Solveigs Hof nimmt Kinder und Jugendliche im Schulalter und für die Zeit einer Ausbildung auf, bis ein Übergang in eine andere geeignete Einrichtung oder im besten Fall ein selbstständig geführtes Leben möglich ist. Die Betreuung erfolgt nach den Grundsätzen der Waldorf-Pädagogik, die den Menschen als Ganzes respektiert und im engen Zusammenhang mit seiner Umwelt begreift. Demnach sollen die Kinder und Jugendlichen anhand vielfältiger lebenspraktischer Prozesse erfahren können, wie Menschen gemeinsam sinnschaffend zusammen tätig sein können. Dazu gehöre auch, dass man lernt Verantwortung für sich selbst sowie für seine Mitmenschen und Tiere zu übernehmen.

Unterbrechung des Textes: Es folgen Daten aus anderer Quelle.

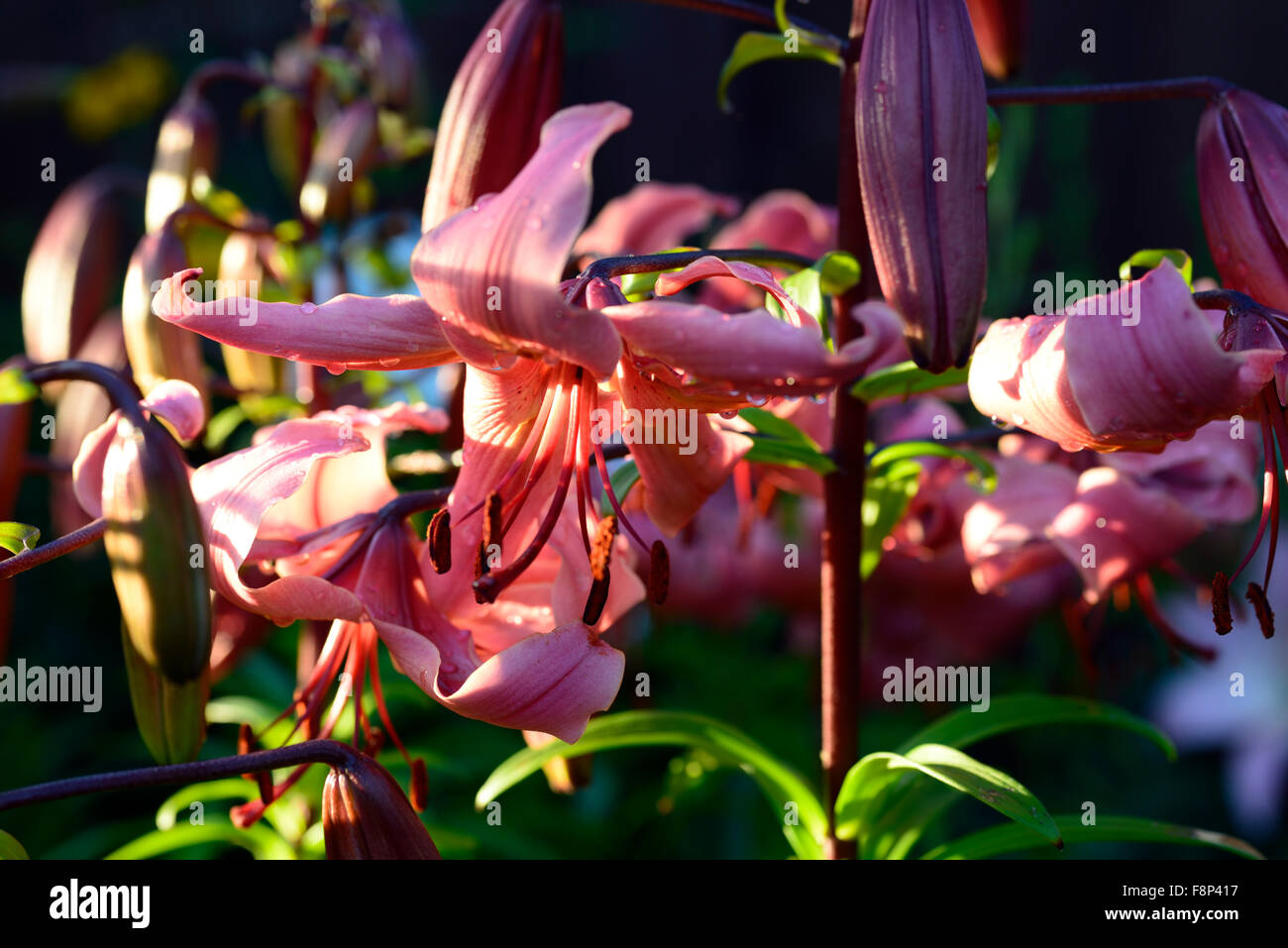 lilium pink flavour Asiatic Lilies lily downward facing flowers sunest ...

Wie gut das Zusammenleben nach sozial verträglichen Grundsätzen in Solveigs Hof funktioniert, kann man auch im weiteren Tagesverlauf erleben. Nach dem gemeinsamen – natürlich mit frischen Bio-Zutaten gekochten – Mittagessen und einer kleinen Pause werden zunächst die Erlebnisse des bisherigen (Schul)-Tags ausgetauscht und Hausaufgaben gemacht. In der Freizeit wird wie bei anderen Altersgenossen gemeinsam gespielt und gelacht – und auch einmal gezankt, worauf in der Regel schnell die Versöhnung folgt. Sehr wichtig ist für die Kinder der wöchentlich wechselnde Plan für die Versorgung der Tiere, berichtet Martin Boes: „Das nehmen alle sehr ernst.“ Wie wichtig neben klaren Regeln zugleich der Spaß- und Erlebnisfaktor ist, machen auch die gleich neben dem Eingang stehenden vereinseigenen Kanus deutlich. „Mit denen waren wir in diesen Sommerferien zum Paddeln und Campen in Schweden“, erinnert sich der Einrichtungsleiter: „Das war für uns alle ein wunderschönes Erlebnis.“   

Oberstes Ziel ist, dass sich die Kinder und Jugendlichen in Solveigs Hof in einem positiven sozialen Umfeld an Leib und Seele gesund entwickeln können. Viele von ihnen hatten zuvor weder einen Halt in der Familie, noch einen strukturierten Tages- oder Wochenablauf. Der Aufenthalt in der Gemeinschaft von Solveigs Hof ist oft weit mehr als eine Auszeit, berichtet Martin Boes: „Die jungen Menschen bleiben mitunter etliche Jahre bei uns – bis sich die Situation in ihrer Familie stabilisiert hat oder sie bereit für ein eigenverantwortliches Leben sind. Und was ist für ihn persönlich die Haupt-Motivation: „Das erlebe ich eigentlich jeden Tag, wenn eines der Kinder oder Jugendlichen sagt, dass er sich hier wohl und zu Hause fühlt.“ (H.)